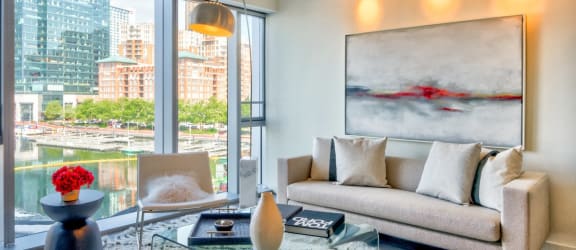 1305 Dock Street property image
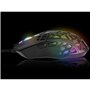 Souris Tracer TRAMYS46730 Noir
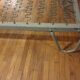 Day bed 1950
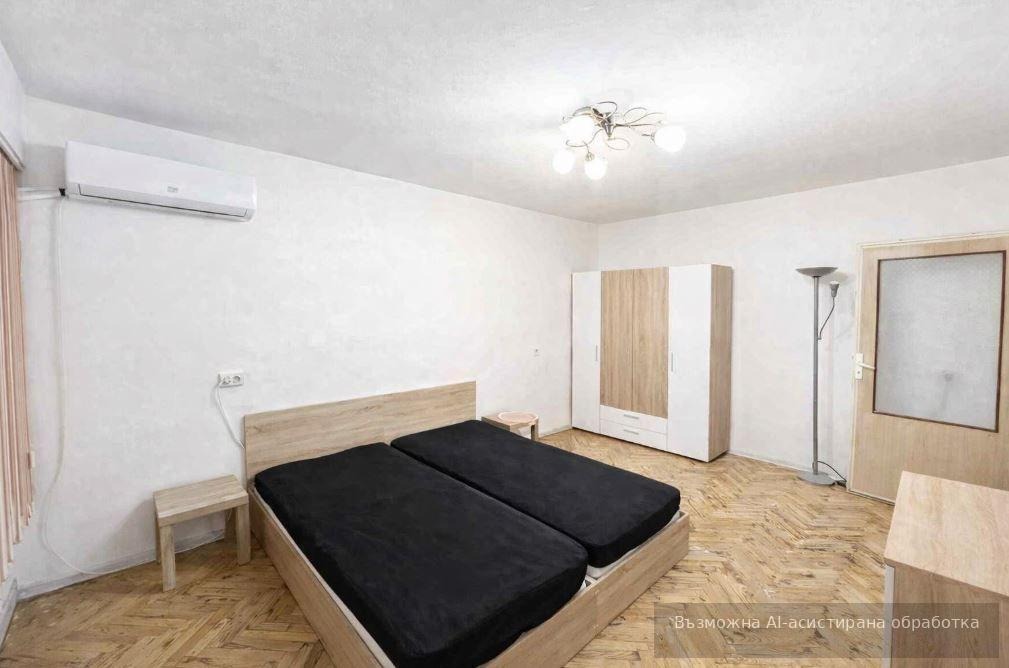 ���� ��� ���� 3-����� | Imot.bg � ����������� 3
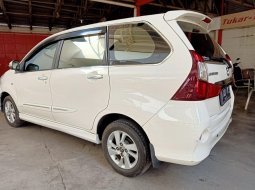 Dijual Mobil Toyota Avanza Veloz 2015, Bekasi Jawa Barat 3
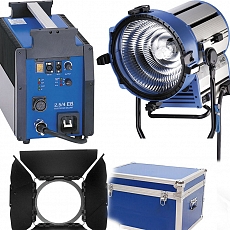 den-arri-compact-hmi-4000-watt-fresnel-light-kit-25-4-eb-case-bong-osram-2623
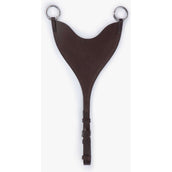 PS of Sweden Pechera Martingala Mexico Marron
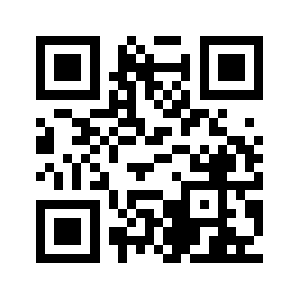 Hntwqc.net QR code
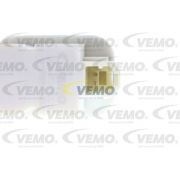 Слика 2 на Стоп машинка VEMO Original  Quality V25-73-0020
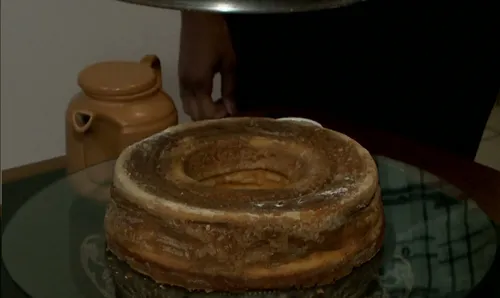 
				
					São João: receita de bolo de milho barata e simples para fazer em casa
				
				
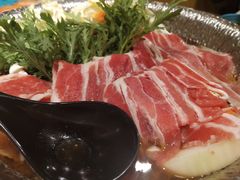 -晴季寿司(活力城店)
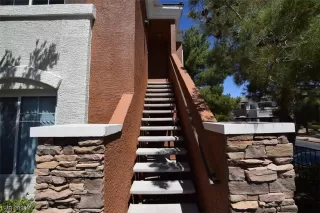 Photo #1: 2545574 Listing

┄┄┄┄┄┄┄┄┄┄

Your task » In the copy, include exactly the lines from the one with "Dijual Mobil Toyota" through the final line of the entries above, both ends counted, and no pictures.

Result of the task »
 Dijual Mobil Toyota Avanza Veloz 2015, Bekasi Jawa Barat 3
 den-arri-compact-hmi-4000-watt-fresnel-light-kit-25-4-eb-case-bong-osram-2623
 PS of Sweden Pechera Martingala Mexico Marron
 Hntwqc.net QR code
 Слика 2 на Стоп машинка VEMO Original  Quality V25-73-0020
				
					São João: receita de bolo de milho barata e simples para fazer em casa
				
				
 -晴季寿司(活力城店)
 Photo #1: 2545574 Listing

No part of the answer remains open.